### Data for this exercise
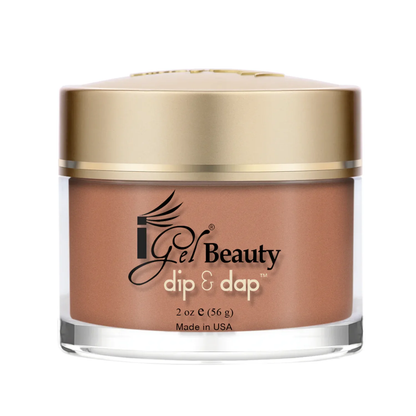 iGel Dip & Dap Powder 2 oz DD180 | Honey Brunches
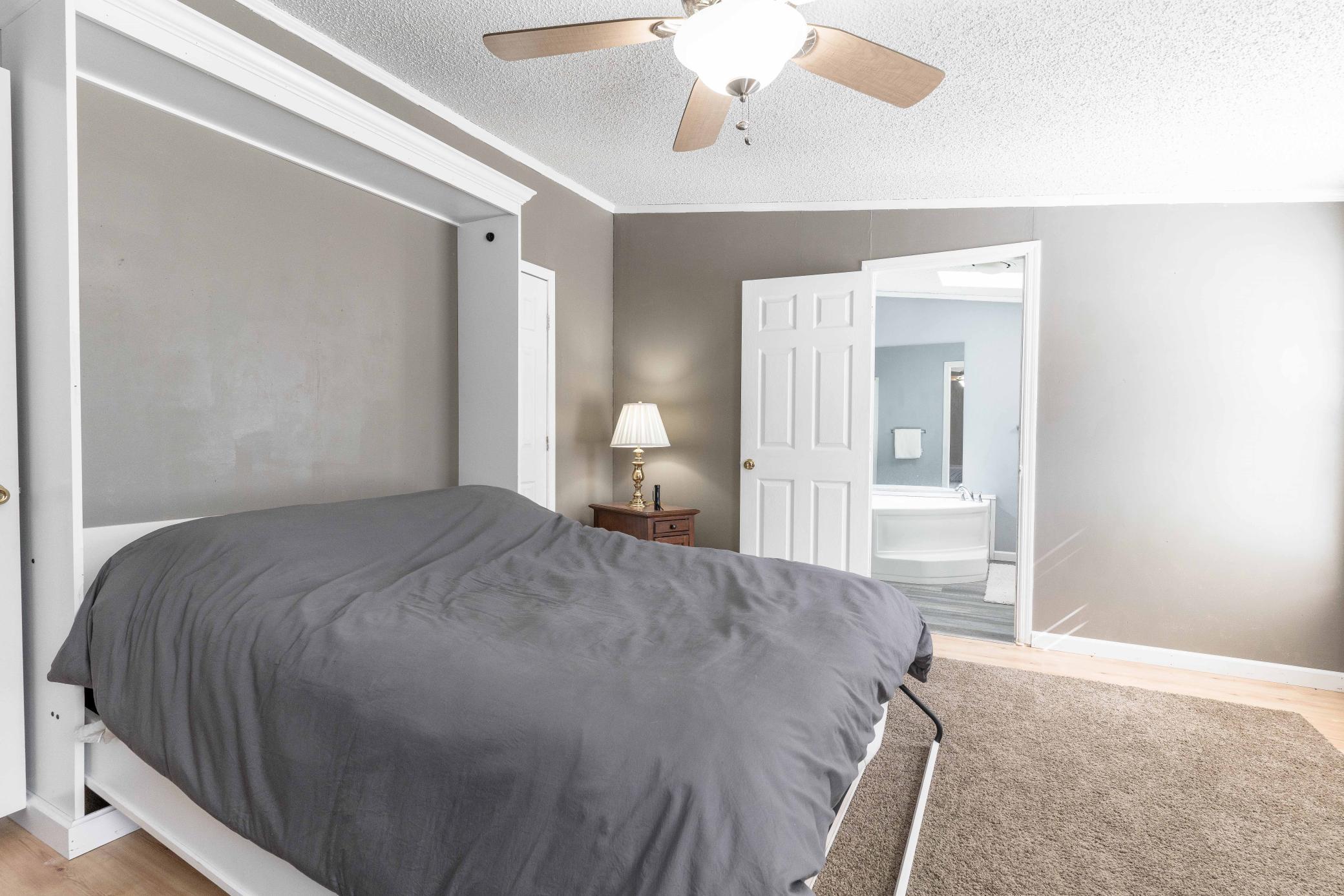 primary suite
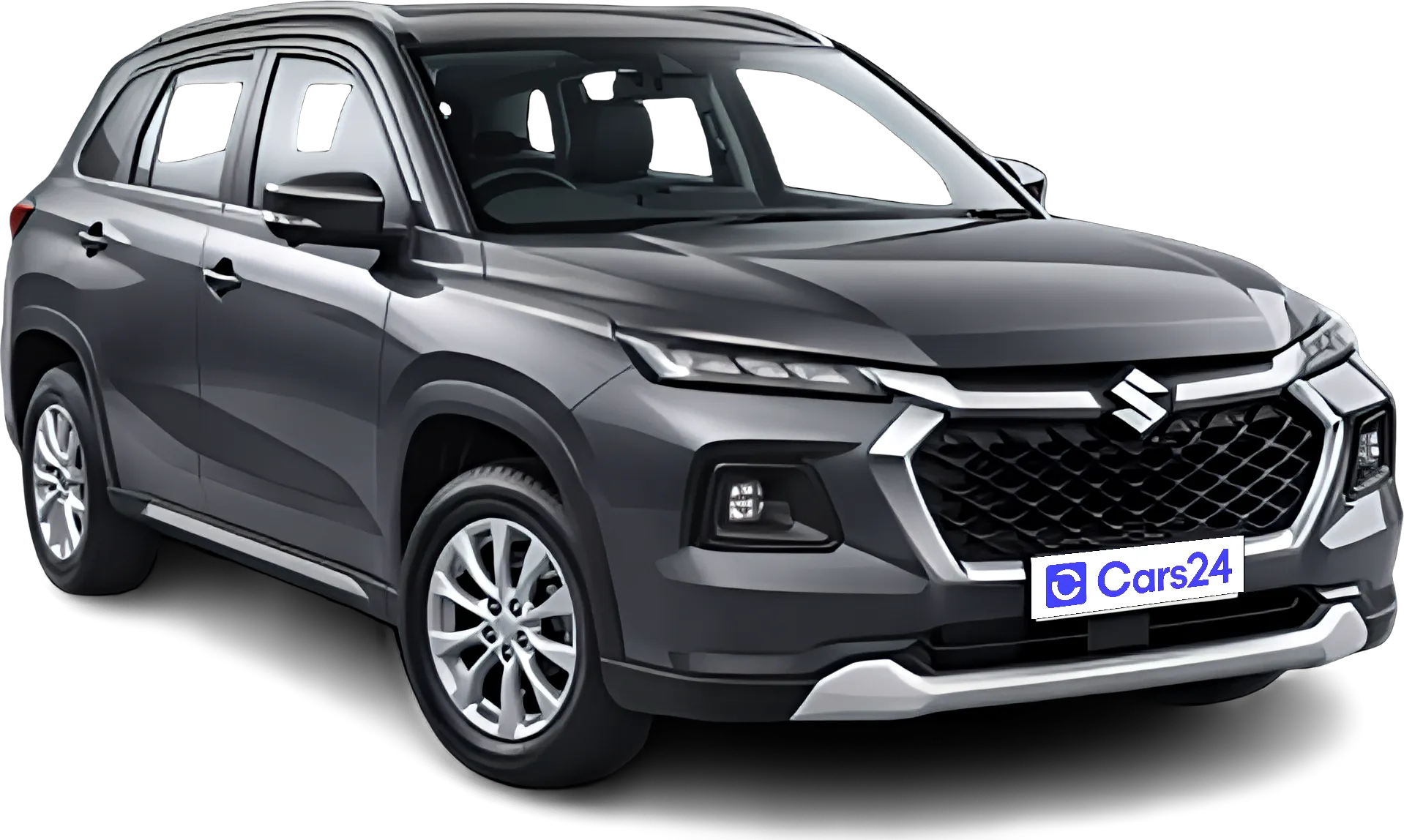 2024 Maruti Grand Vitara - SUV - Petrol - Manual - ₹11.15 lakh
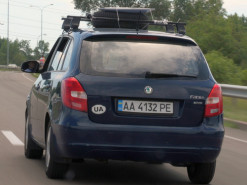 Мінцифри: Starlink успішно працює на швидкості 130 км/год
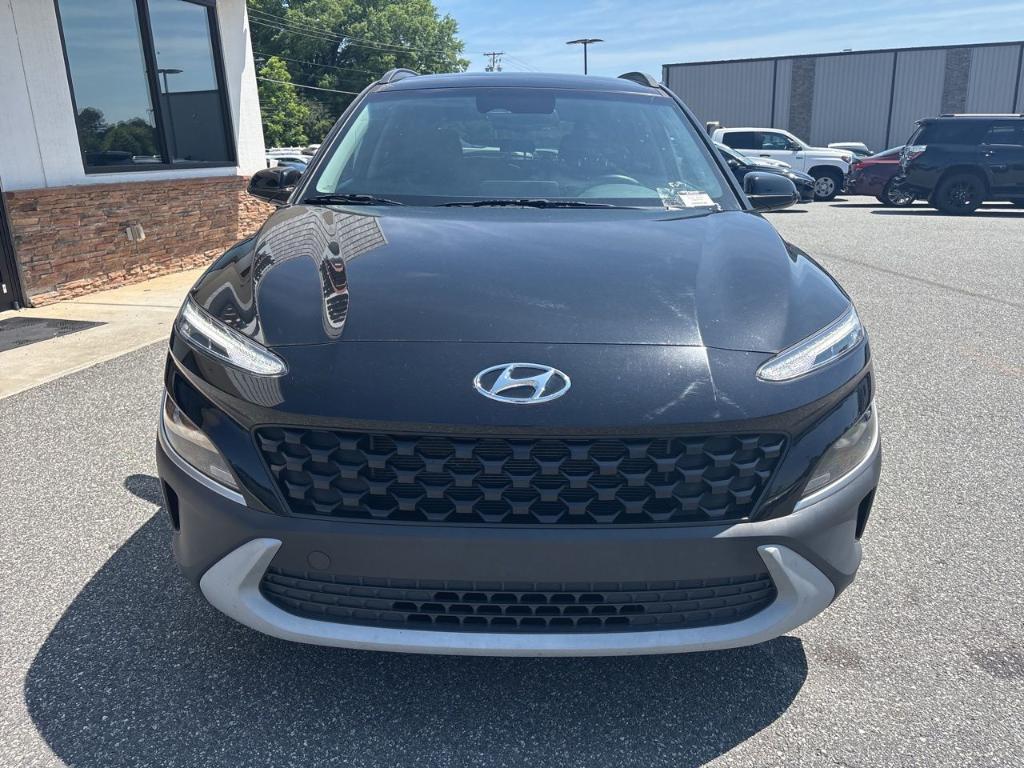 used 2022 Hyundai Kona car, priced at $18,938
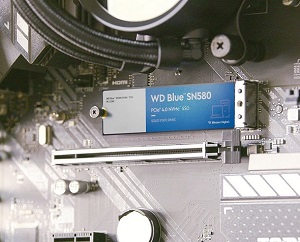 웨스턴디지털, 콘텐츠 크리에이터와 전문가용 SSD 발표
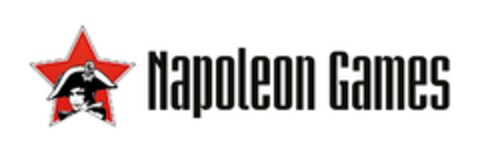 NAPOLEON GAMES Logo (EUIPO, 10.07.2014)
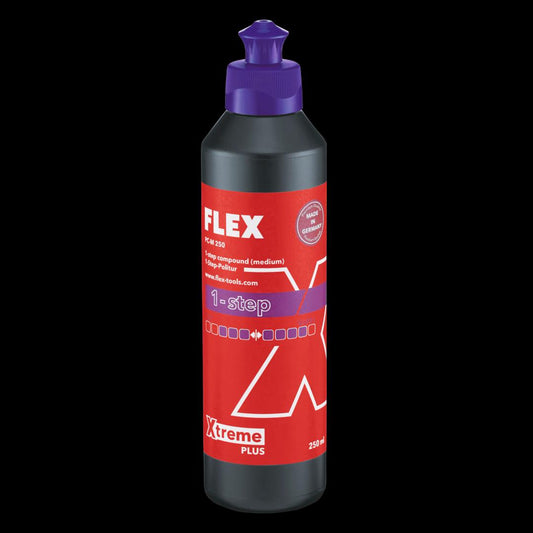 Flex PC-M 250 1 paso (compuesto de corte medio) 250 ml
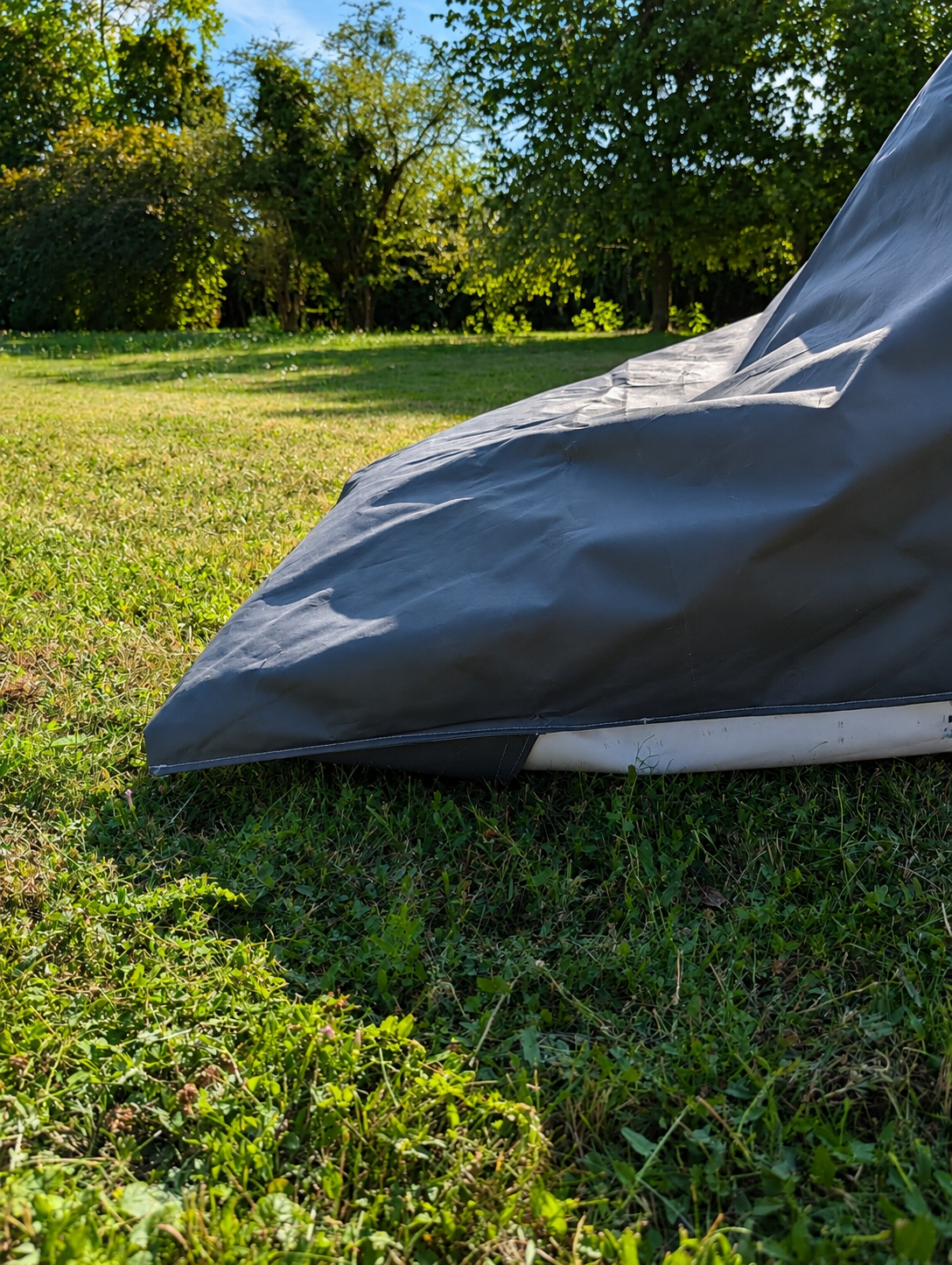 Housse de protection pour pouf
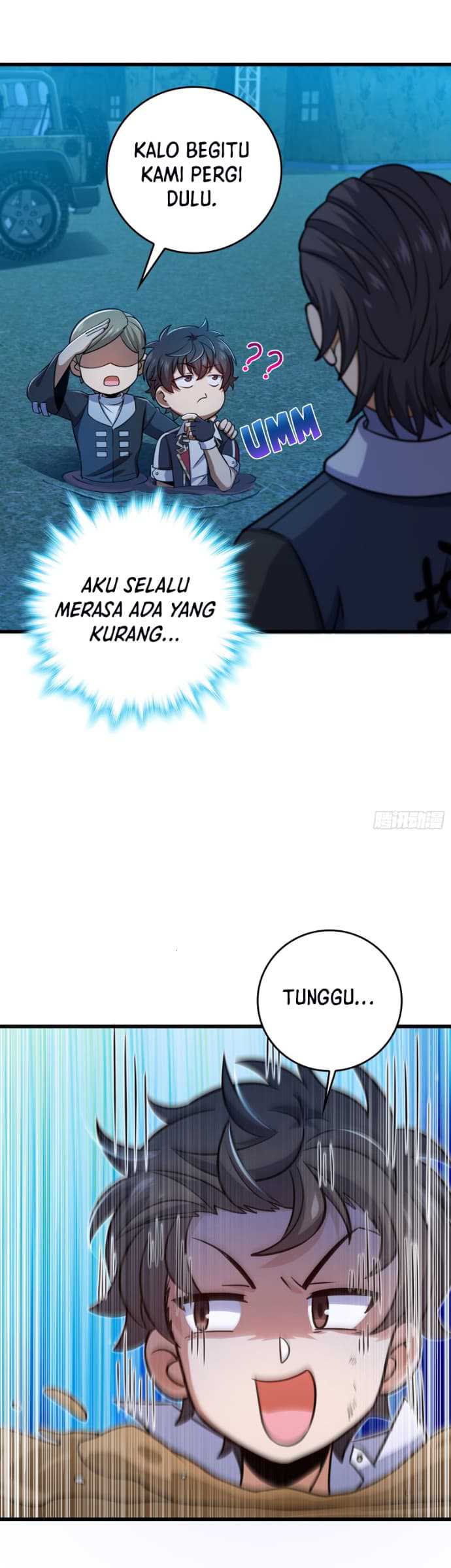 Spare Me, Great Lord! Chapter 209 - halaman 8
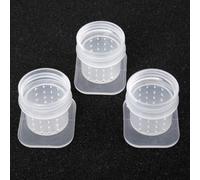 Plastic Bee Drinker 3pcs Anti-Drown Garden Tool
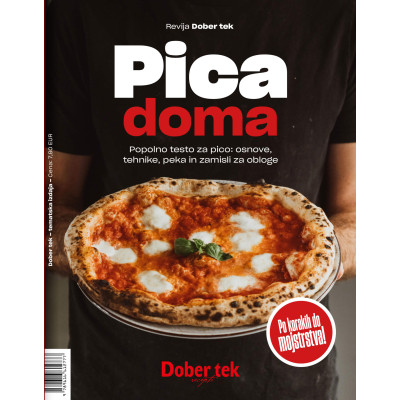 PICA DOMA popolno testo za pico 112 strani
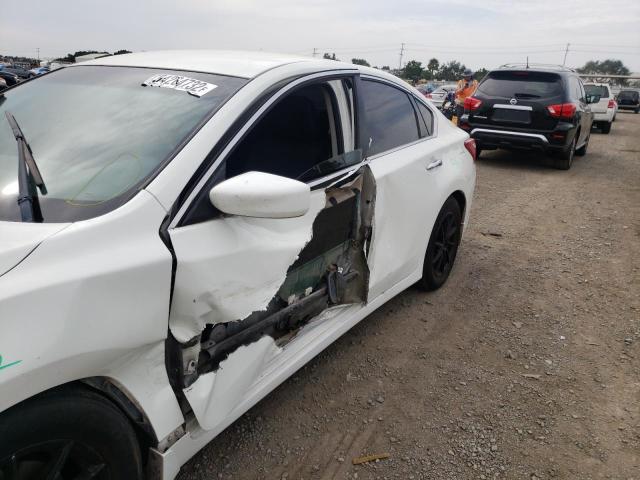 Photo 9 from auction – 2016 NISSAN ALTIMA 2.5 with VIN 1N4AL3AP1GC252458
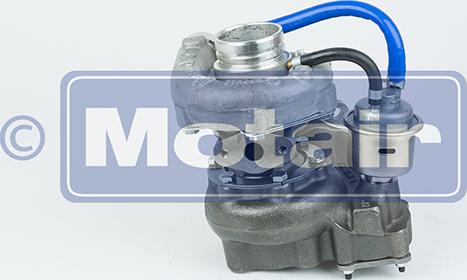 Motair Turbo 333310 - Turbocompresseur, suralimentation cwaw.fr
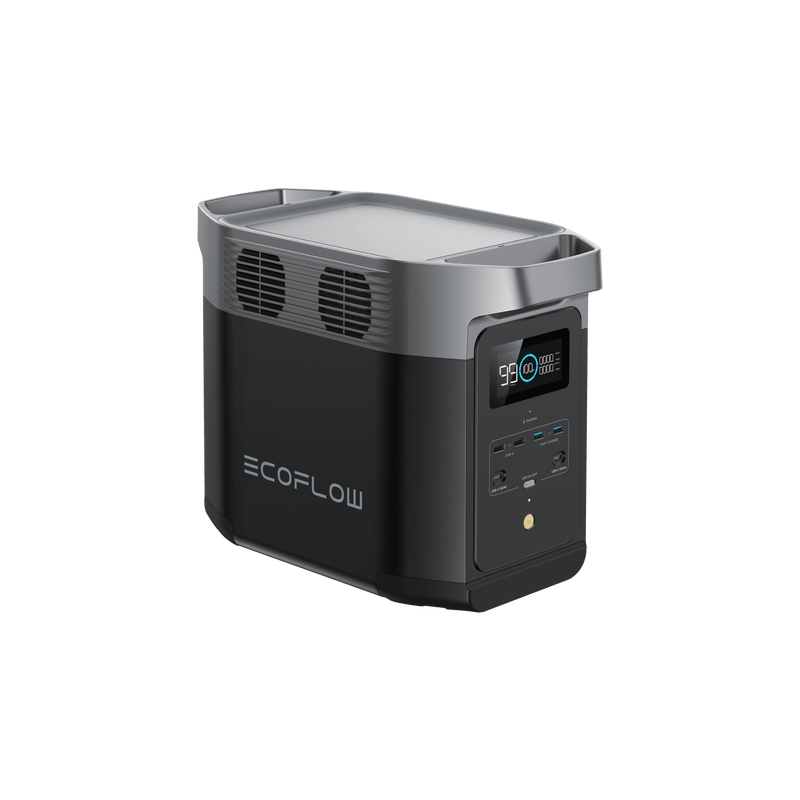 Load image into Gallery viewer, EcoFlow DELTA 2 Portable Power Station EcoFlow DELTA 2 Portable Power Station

### Exercise
Output, exactly and with no pictures, every line from the one that contains "Spare Me, Great" through the final line of the entries.

### Task output
 Spare Me, Great Lord! Chapter 209 - halaman 8
 Plastic Bee Drinker 3pcs Anti-Drown Garden Tool
 PICA DOMA popolno testo za pico 112 strani
 Photo 9 from auction – 2016 NISSAN ALTIMA 2.5 with VIN 1N4AL3AP1GC252458
 Motair Turbo 333310 - Turbocompresseur, suralimentation cwaw.fr
 Load image into Gallery viewer, EcoFlow DELTA 2 Portable Power Station EcoFlow DELTA 2 Portable Power Station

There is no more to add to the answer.